Case ID: ga-app_31/html/0580-02.html
Source: Caselaw Access Project
Author: {"author": "Stephens, J.", "license": "Public Domain", "url": "https://static.case.law/"}
Date Created: 2024-08-24T03:29:51.129683

14298.
    Turner v. Coggins.
   Stephens, J.

1. The defense that one is a bona fide purchaser for value without notice should be specially pleaded. Carter v. Pinckard, 68 Ga. 817; Donalson v. Thomason, 137 Ga. 849 (6) (74 S. E. 762). Where in a trover suit the defendant files only a general denial, denying possession and conversion of the property, and where no issue as to the bona fides of his purchase is raised by the evidence, the plaintiff is not defeated in a recovery because it appears that a contract between the plaintiff and the alleged vendor of the defendant, retaining title in the plaintiff, was not recorded before the original purchaser, the alleged vendor of the defendant, parted with possession of the property.

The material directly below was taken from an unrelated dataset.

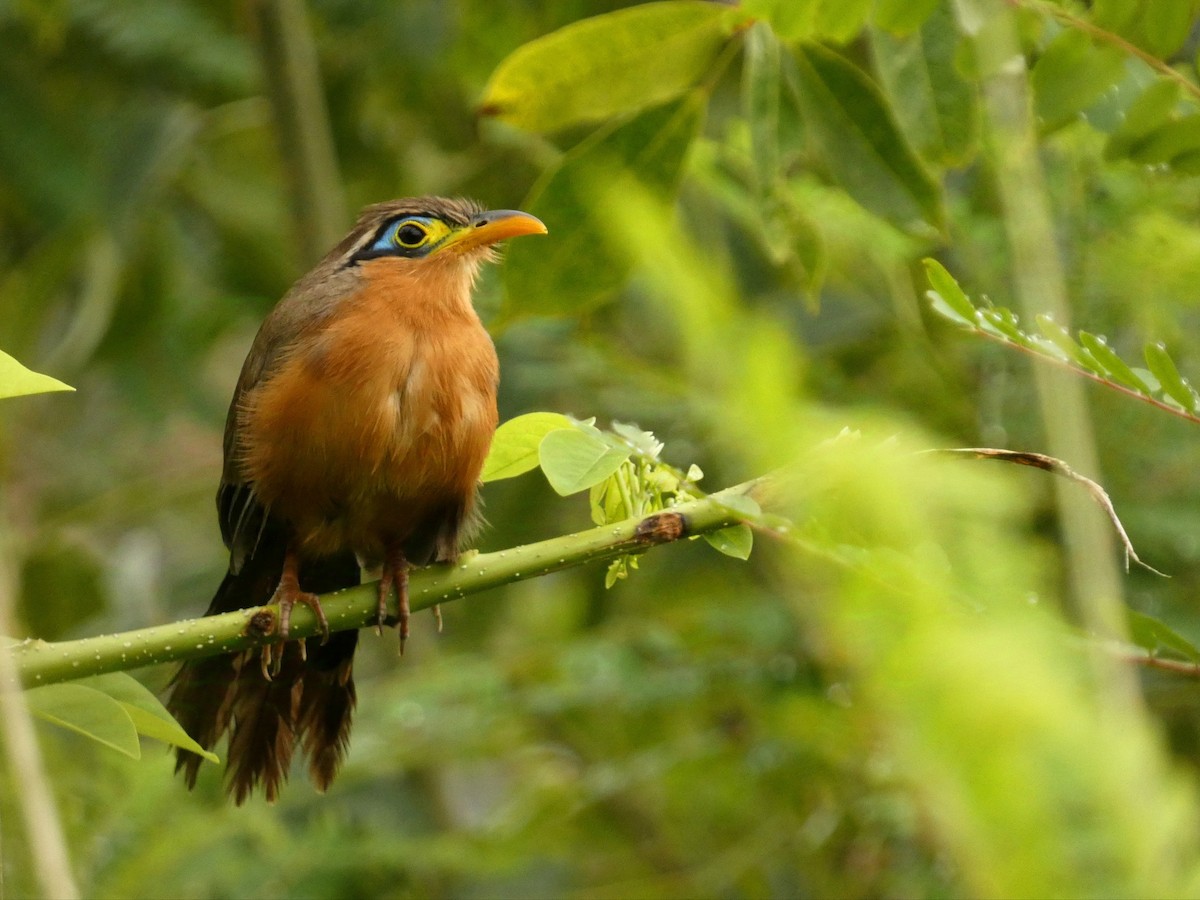 Lesser Ground-Cuckoo - ML626620030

2. In the absence of any request the court did not err in refusing to charge the law relative to the impeachment of witnesses.

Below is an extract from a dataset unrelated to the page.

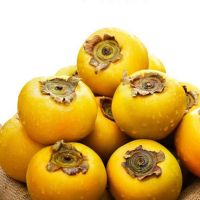 甜脆柿硬柿子甜柿子新鲜水果柿子甜柿非红柿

3. Where the holder of the legal title under a retention-of-title contract sues a stranger to the contract in trover for an alleged conversion of the property by having obtained possession of it from the original purchaser -under the contract, it is not necessary for the plaintiff to show any rescission and cancellation of the contract or its surrender by the plaintiff.

Decided February 8, 1924.

Trover; from Cherokee superior court—Judge Blair. January-12, 1923.

Brooke & Henderson, for plaintiff in error.

Wood & Vandiviere, contra.

4. This being a suit in trover to recover of the defendant the value of a certain mule alleged to have been the property of the plaintiff, where in support of the plaintiff’s petition there is evidence to the effect that the mule was sold by the plaintiff under a retention-of-title contract on October 16, 1919, to a person who upon the same day resold it to the defendant, and a verdict having been rendered for the plaintiff, newly discovered evidence offered as a ground for a new trial by the defendant to the effect that the person to whom the plaintiff sold the mule was sometime in October, 1919, and also “sometime in the fall of the year two or three years ago this last fall” seen with “a black mare mule which appeared to weigh about 1000 or 1100 pounds,” which was so far as it went a description of the mule in controversy, which was a “black mare mule 5 years old about 15% hands high, weight about 1000 pounds,” was insufficient to authorize the grant of a new trial, since it was entirely impeaching in its nature and was not sufficiently definite as to time, or as to the identity or description of the property in controversy, to be conclusive or likely to produce a different result.

Judgment affirmed.

Jenkins, P. J., and Bell, J., concur.